Offset | Content                                    | Value (hex)
-------|--------------------------------------------|--------------
0-3    | magic (RPC_MAGIC_RESPONSE)                 | 53 51 55 43
4-7    | status (0 = success)                       | 00 00 00 00
8-11   | result_len                                 | 01 00 00 00
12-15  | request_id (echoed from request)           | XX XX XX XX
16-23  | ptp_timestamp (echoed from request)        | XX XX XX XX XX XX XX XX
24     | result value (uint8_t)                     | 03
25-... | unused padding                             | XX XX XX XX

Multi-Result Response

For handlers returning multiple values, results are concatenated in schema order (same pattern as multi-argument requests):

| RPCResponse | result0_bytes | result1_bytes | ... |

Example: Handler returning correction (uint8_t) + confidence (float)

Schema:

  • result0: TYPE_UINT8, size_bytes=1, num_elements=1

  • result1: TYPE_FLOAT32, size_bytes=4, num_elements=1

Wire encoding:

Offset | Content
-------|--------
0-23   | RPCResponse { magic, status=0, result_len=5, request_id, ptp_timestamp }
24     | correction (uint8_t)
25-28  | confidence (float32, IEEE 754)

Status Codes

  • status = 0: Success

  • status > 0: Handler-specific error

  • status < 0: Protocol-level error

QEC-Specific Usage Example

This section shows how the realtime messaging protocol is used for quantum error correction (QEC) decoding. This is one application of the protocol; other use cases follow the same pattern.

QEC Terminology

In QEC applications, the following terminology applies:

  • Measurement result: Raw readout value from a QPU measurement (0 or 1 for binary readout)

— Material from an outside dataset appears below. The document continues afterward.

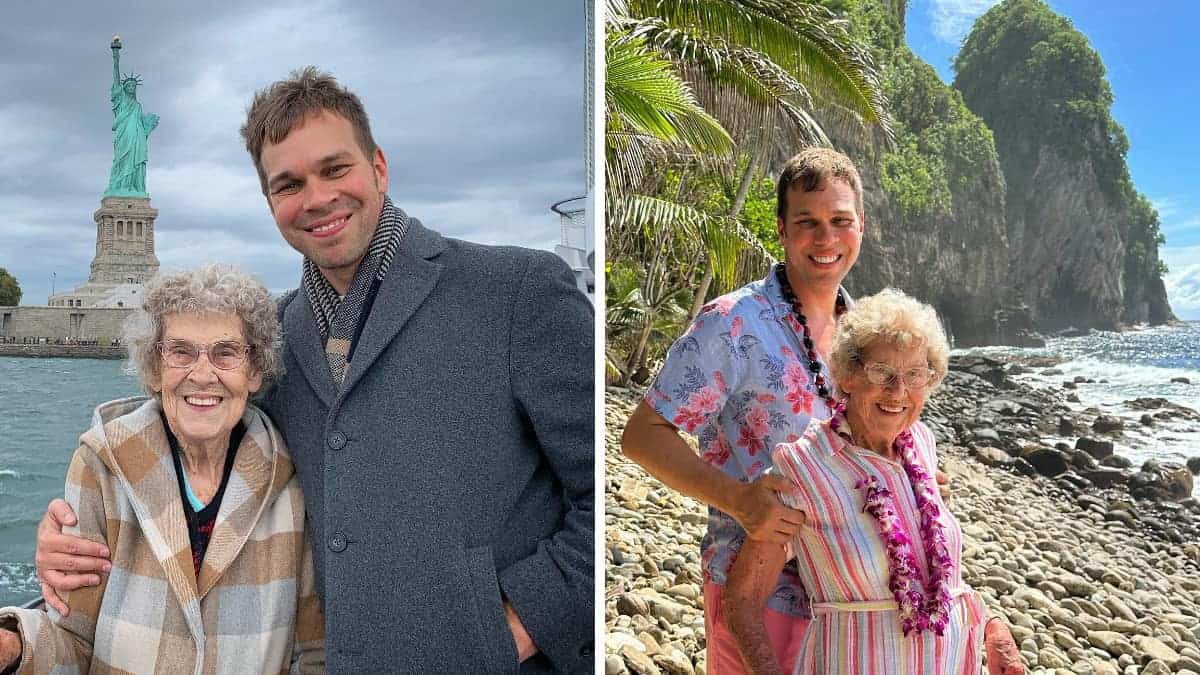 Il nipote scopre che la nonna 91enne non ha mai viaggiato, così la porta in un viaggio indimenticabile attraverso 63 destinazioni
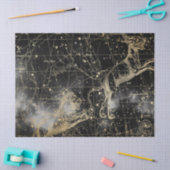 Goud en zwart Galaxy Star Map Series Design 3 Tissuepapier (Craft)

  • Detection event: XOR’d measurement results as dictated by the parity check (stabilizer) matrix

  • Syndrome: The full history or set of detection events used by the decoder

The decoder consumes detection events (often called “syndrome data” colloquially) and produces corrections.

QEC Decoder Handler

Typical QEC decoder signature:

void qec_decode(const uint8_t* detection_events, uint32_t num_events,
                uint8_t* correction);

Schema:

  • arg0: TYPE_BIT_PACKED, variable size (detection events, 1 bit per event)

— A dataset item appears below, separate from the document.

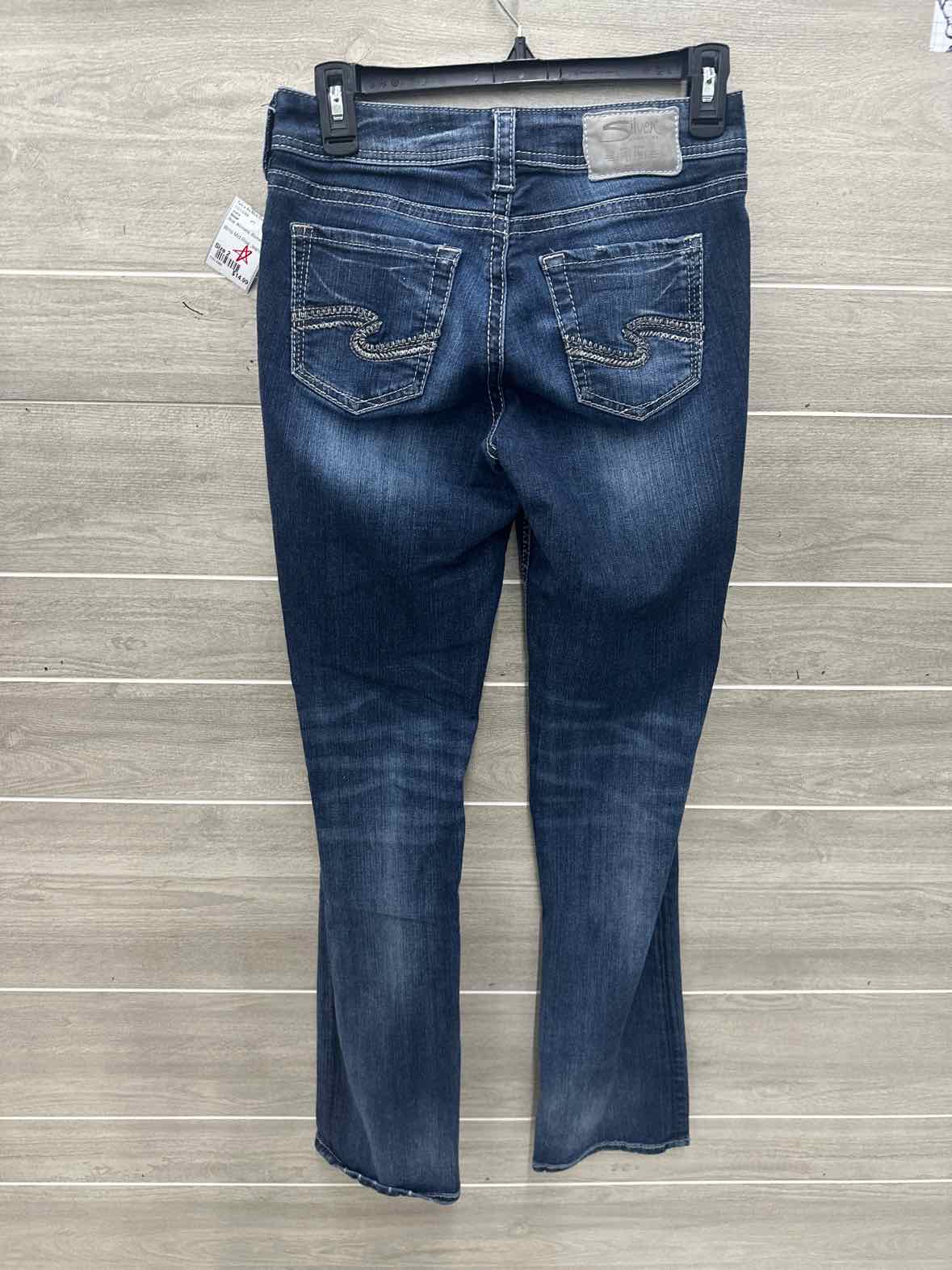 Silver Size 2 Blue Womens Jeans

  • arg1: TYPE_UINT32, 4 bytes (number of detection events)

  • result0: TYPE_UINT8, 1 byte (correction bit-packed)

Decoding Rounds

For QEC applications, one RPC message typically corresponds to one decoding round (one invocation of the decoder with a set of detection events). The boundaries of each decoding round are determined by the quantum control system (e.g., FPGA) when building RPC messages.

Note: The term “shot” is often used in quantum computing to mean one full execution of a quantum program (repeated num_shots times for statistics). In the context of realtime decoding, we use “decoding round” to avoid confusion, as there may be many RPC invocations during a single quantum program execution.